United States Court of Appeals for the Armed Forces

Argued April 20, 2010

Decided June 7, 2010

STUCKY, J., delivered the opinion of the Court, in which EFFRON, C.J., and BAKER, ERDMANN, and RYAN, JJ., joined.

Counsel

For Appellant: Captain Michael E. Korte (argued); Colonel Mark Tellitocci, Lieutenant Colonel Matthew M. Miller, and Captain Shay Stanford (on brief); Major Bradley M. Voorhees.

For Appellee: Major Lynn I. Williams (argued); Colonel Norman F. J. Allen III, Lieutenant Colonel Martha L. Foss, and Major Christopher B. Burgess (on brief).

Military Judge: Richard Gordon

THIS OPINION IS SUBJECT TO REVISION BEFORE FINAL PUBLICATION. United States v. Estrada, No. 09-0822/AR

Judge STUCKY delivered the opinion of the Court.

This case requires us once again to consider the

interaction between administrative discharges of military

personnel and punitive discharges adjudged by courts-martial.

This Court and the Courts of Criminal Appeals have seen a number

of these cases, which usually arise in the context of personal

jurisdiction over the appellant. See, e.g., United States v.

Hart, 66 M.J. 273 (C.A.A.F.), cert. denied, 129 S. Ct. 310

(2008); United States v. Harmon, 63 M.J. 98 (C.A.A.F. 2006);

Smith v. Vanderbush, 47 M.J. 56 (C.A.A.F. 1997); Webb v. United

States, 67 M.J. 765 (A.F. Ct. Crim. App. 2009); Lawrence v.

Maksym, 58 M.J. 808 (N-M. Ct. Crim. App.), pet. denied, 59 M.J.

123 (C.A.A.F. 2003). Here, the issue is not personal

jurisdiction but the effect, if any, of an administrative

discharge on an unexecuted punitive discharge adjudged by a

court-martial.

In this case, the military judge sentenced Appellant, a

reservist serving on active duty, to a bad-conduct discharge.
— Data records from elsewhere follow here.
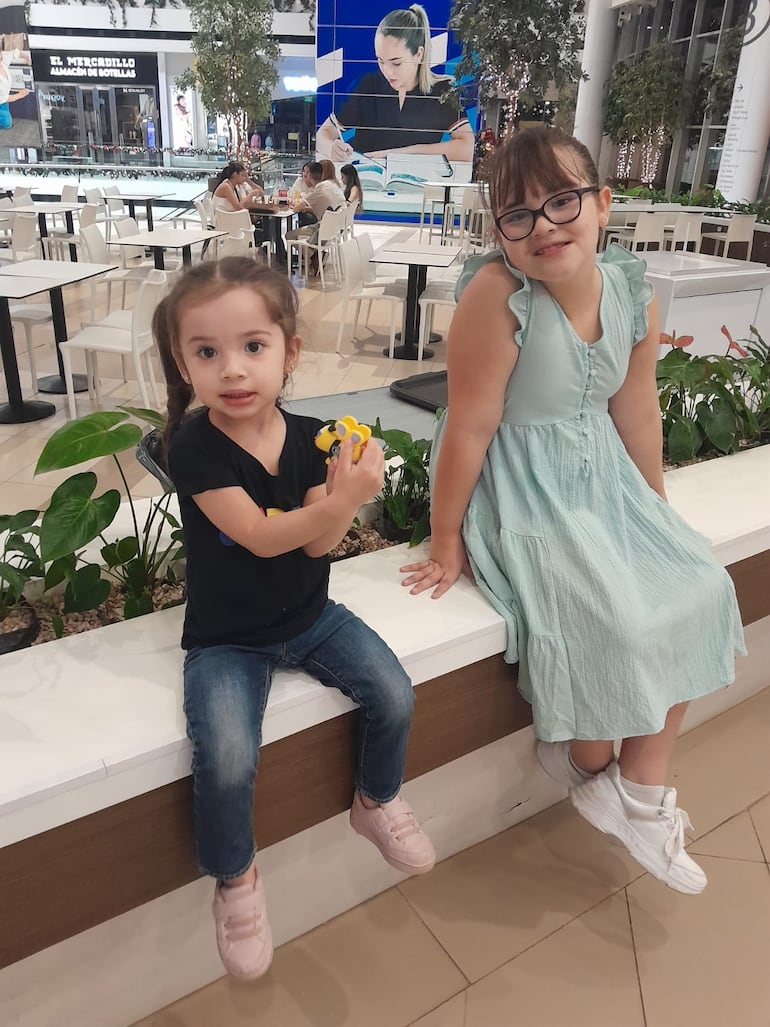 Alessia (3) y Luciana (9), las bellas hijas del periodista Federico Arias. (Gentileza)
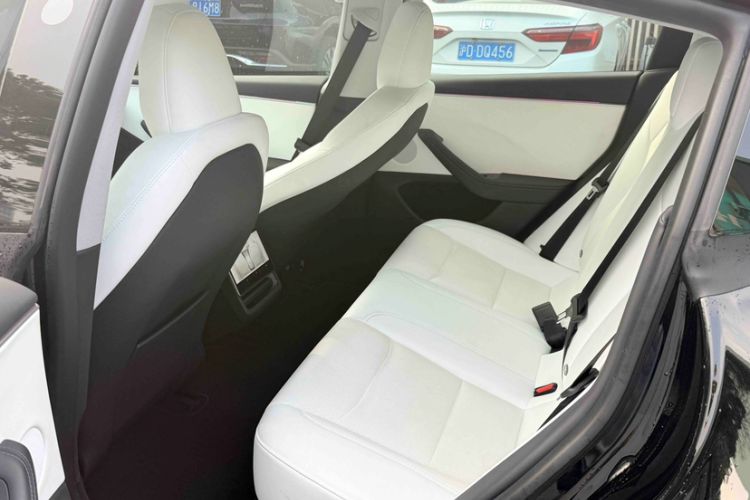 Used Tesla Model 3 2023 Long-Range All-Wheel-Drive Version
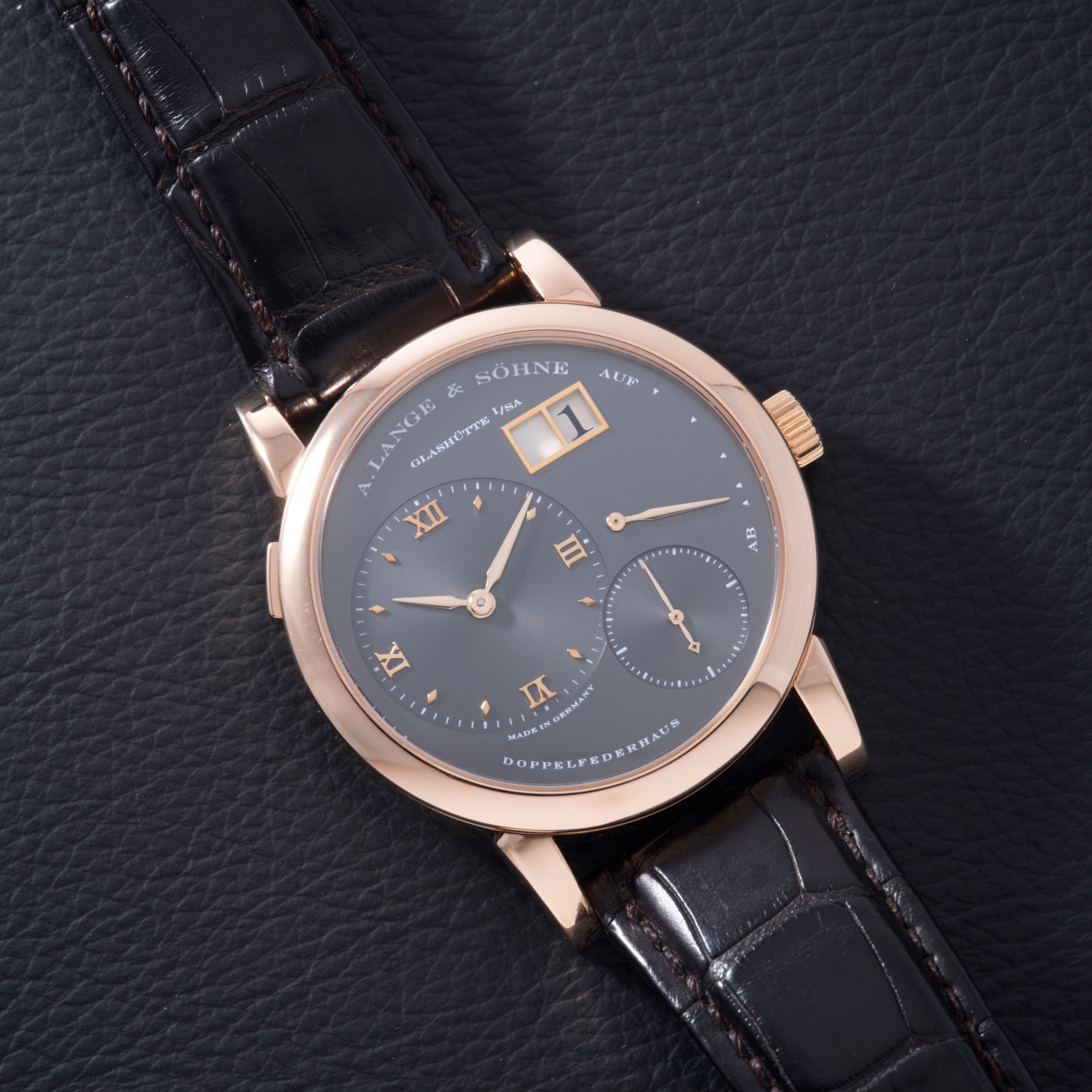 تصویر منبع؛ ساعت مچی A. Lange & Söhne Lange 1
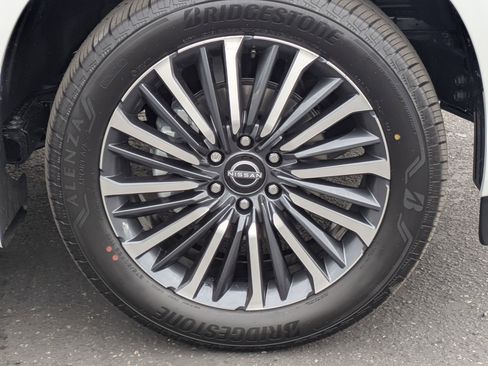 New 2026 Nissan Armada Platinum Reserve image 4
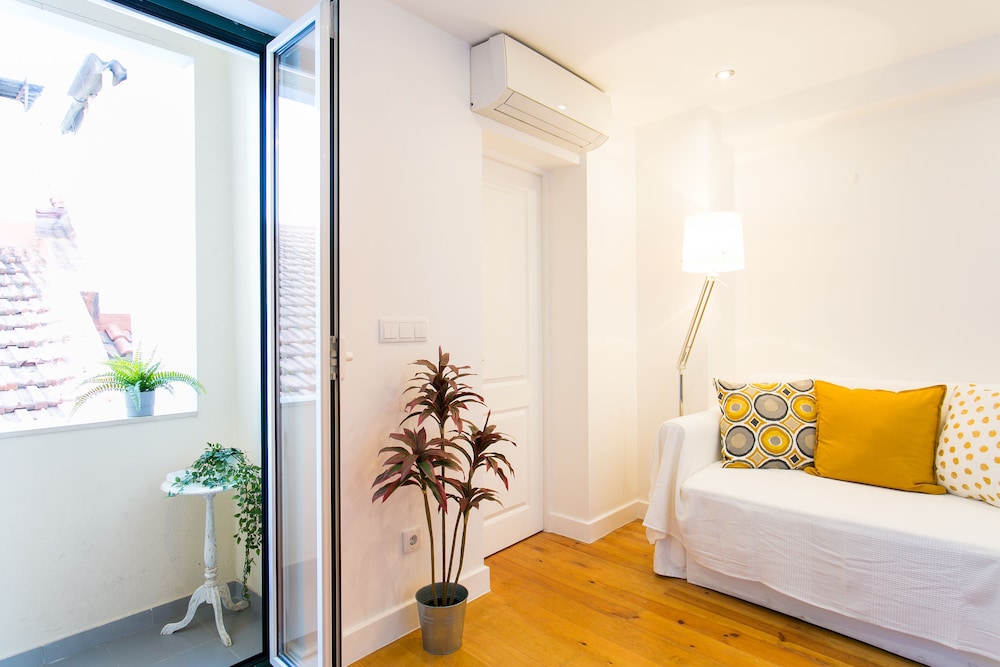 JOIVY Cosy 1-bed flat w/balcony in Alfama, moments from the Port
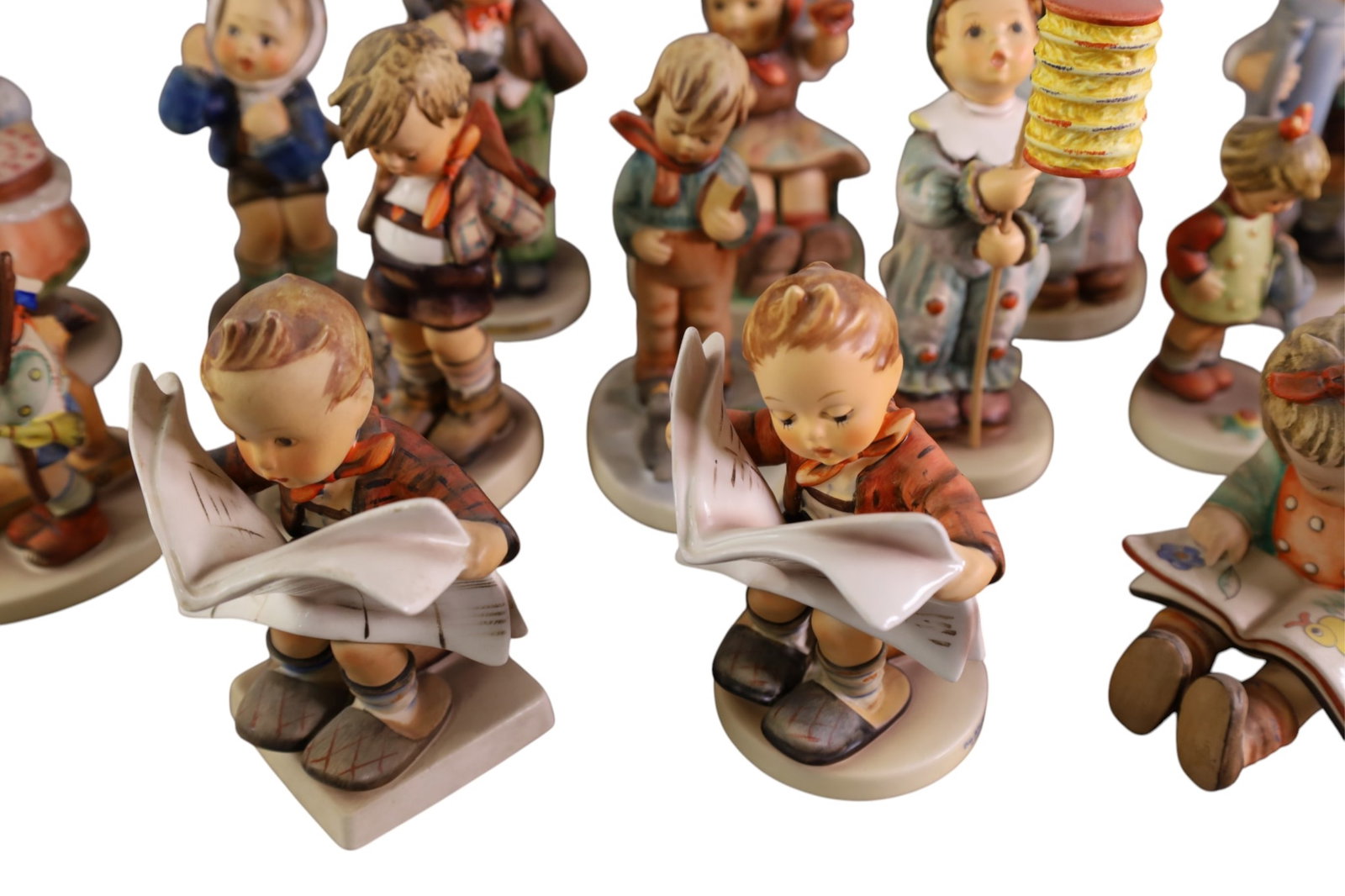 20 HUMMEL FIGURES - 3
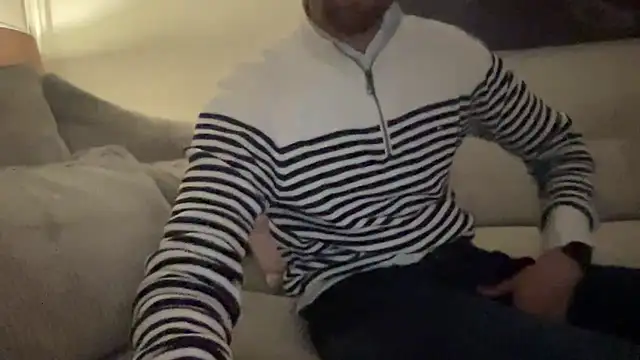 Snapshot of bullyboyy chatting on 12/16/25, 06:02 bullyboyy online show from 12/16/25, 06:02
After trial, but before the convening authority took initial

action, the United States Army Human Resources Command issued

her administrative discharge orders. She also received a

Department of Defense Form 214 (Certificate of Release or

Discharge from Active Duty). Later, the convening authority

approved the bad-conduct discharge. The United States Army

2 United States v. Estrada, No. 09-0822/AR

Court of Criminal Appeals (CCA) held that the administrative

discharge was void. United States v. Estrada, 68 M.J. 548, 551

(A. Ct. Crim. App. 2009). We granted review to determine

whether the administrative discharge resulted in remission of

the bad-conduct discharge. On these facts, we affirm the

judgment of the CCA.

I.

Appellant’s convictions stem from filing false travel

vouchers and fraudulent receipts for rental property expenses.

A special court-martial consisting of a military judge sitting

alone convicted Appellant, consistent with her pleas, of

thirteen specifications of signing and submitting a false

official record, and larceny. Articles 107 and 121, Uniform

Code of Military Justice (UCMJ), 10 U.S.C. §§ 907, 921 (2006).

On July 9, 2007, the military judge sentenced Appellant to a

bad-conduct discharge, confinement for ninety days, and

reduction to the lowest enlisted grade. The convening authority

approved the sentence but limited confinement to fifty-seven

days. The CCA affirmed. Estrada, 68 M.J. at 551.

II.

The CCA summarized the post-trial developments as follows:

On 24 and 25 September 2007, appellant received two different sets of administrative orders. The first set, issued by officials at Fort Benning, Georgia, released her from active duty and returned her to the Reserve Component, effective 24 September

3 United States v. Estrada, No. 09-0822/AR

2007. The second set, issued by United States Army Human Resources Command (HRC), discharged her from the reserve component in the grade of Private E1 with an honorable characterization of service, effective 25 September 2007. In conjunction with the first set of orders, appellant was issued a Dep’t. of Def., Form 214, Certificate of Release or Discharge from Active Duty (Feb. 2000) [hereinafter DD Form 214].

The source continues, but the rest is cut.